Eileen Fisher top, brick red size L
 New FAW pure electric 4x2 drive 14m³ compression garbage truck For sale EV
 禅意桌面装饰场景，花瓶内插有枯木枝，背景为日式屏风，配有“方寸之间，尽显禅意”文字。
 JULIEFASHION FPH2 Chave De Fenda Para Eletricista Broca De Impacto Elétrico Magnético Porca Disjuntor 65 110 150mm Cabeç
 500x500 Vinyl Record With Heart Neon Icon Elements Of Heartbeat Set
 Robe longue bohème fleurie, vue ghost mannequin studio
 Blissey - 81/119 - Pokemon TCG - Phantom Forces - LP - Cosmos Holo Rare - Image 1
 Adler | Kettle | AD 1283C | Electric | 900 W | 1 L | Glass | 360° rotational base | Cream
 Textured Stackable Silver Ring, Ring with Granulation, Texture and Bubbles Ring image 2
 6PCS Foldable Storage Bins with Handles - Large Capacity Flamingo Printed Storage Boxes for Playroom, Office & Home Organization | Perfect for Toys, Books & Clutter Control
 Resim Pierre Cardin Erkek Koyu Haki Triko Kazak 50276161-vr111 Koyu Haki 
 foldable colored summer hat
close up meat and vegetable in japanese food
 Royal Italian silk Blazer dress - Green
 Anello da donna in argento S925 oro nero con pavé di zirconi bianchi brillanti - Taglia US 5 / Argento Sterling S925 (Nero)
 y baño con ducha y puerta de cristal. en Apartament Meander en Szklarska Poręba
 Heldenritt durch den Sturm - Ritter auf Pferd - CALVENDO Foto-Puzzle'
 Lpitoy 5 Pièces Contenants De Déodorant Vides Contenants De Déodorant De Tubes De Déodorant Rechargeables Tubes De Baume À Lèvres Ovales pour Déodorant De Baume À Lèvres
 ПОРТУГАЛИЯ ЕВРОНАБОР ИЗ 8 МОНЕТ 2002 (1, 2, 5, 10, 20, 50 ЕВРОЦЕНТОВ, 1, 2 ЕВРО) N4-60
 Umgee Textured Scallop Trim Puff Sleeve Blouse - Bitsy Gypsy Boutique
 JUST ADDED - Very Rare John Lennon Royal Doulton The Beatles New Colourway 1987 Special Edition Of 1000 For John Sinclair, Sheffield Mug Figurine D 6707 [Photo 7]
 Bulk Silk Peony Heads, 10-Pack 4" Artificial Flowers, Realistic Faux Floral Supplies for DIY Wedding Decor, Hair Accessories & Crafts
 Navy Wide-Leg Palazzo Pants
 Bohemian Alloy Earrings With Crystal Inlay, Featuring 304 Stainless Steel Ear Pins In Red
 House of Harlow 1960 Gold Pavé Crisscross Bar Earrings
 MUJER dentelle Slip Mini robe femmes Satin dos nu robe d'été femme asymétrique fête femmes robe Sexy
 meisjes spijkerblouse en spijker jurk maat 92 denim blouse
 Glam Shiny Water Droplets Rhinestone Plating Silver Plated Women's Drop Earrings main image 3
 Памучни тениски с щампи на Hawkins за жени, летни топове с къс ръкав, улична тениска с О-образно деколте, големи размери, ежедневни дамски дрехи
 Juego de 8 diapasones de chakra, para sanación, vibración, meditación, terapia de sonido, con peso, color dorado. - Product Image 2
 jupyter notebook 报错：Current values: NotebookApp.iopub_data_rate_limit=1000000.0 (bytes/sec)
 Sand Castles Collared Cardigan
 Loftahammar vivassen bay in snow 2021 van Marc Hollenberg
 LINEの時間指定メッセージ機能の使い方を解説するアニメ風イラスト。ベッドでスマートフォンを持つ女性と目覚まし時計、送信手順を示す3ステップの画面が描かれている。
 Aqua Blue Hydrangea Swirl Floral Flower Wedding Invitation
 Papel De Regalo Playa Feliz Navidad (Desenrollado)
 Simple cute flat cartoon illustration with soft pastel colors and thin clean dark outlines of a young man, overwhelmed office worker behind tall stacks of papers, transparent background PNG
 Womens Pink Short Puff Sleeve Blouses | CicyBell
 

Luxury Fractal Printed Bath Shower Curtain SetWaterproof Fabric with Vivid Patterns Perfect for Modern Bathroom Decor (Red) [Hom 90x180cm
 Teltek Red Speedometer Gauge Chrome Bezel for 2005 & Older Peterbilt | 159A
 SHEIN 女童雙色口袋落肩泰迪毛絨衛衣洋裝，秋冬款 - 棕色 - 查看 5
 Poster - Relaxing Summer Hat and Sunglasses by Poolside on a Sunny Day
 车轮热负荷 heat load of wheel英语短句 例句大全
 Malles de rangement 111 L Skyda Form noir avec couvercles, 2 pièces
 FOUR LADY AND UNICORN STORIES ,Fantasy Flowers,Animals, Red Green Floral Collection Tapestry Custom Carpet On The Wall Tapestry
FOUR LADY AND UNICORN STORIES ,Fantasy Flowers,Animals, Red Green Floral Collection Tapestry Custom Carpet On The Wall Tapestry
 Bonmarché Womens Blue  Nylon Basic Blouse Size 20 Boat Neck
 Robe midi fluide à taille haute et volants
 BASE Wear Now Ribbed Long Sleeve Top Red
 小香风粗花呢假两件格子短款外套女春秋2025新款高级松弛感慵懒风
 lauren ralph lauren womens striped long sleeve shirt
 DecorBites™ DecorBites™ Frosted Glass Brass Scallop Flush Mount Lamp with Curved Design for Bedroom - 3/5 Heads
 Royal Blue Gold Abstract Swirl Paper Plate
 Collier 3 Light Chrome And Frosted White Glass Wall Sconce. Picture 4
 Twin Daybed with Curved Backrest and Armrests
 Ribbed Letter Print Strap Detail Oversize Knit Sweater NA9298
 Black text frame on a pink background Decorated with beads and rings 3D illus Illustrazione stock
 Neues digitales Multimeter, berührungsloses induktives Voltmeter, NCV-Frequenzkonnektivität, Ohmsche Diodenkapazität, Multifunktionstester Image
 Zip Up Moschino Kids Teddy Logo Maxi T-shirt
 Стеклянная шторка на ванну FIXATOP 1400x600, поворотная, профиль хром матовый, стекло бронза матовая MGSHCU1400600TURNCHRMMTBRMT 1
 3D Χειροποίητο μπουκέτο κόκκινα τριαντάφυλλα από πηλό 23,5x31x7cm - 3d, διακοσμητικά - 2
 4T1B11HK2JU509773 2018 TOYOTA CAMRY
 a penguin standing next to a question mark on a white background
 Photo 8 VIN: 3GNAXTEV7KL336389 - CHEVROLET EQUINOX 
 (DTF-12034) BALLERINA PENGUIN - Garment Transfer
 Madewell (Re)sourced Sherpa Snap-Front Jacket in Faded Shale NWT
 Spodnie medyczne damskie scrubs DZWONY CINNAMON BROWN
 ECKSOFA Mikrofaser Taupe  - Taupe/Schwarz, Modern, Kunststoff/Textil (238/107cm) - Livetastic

::::::::::

▶ Task prompt
Above are the entries; copy out every line among them that contains the word "Silver".

▶ Solution for this task
 Textured Stackable Silver Ring, Ring with Granulation, Texture and Bubbles Ring image 2
 Glam Shiny Water Droplets Rhinestone Plating Silver Plated Women's Drop Earrings main image 3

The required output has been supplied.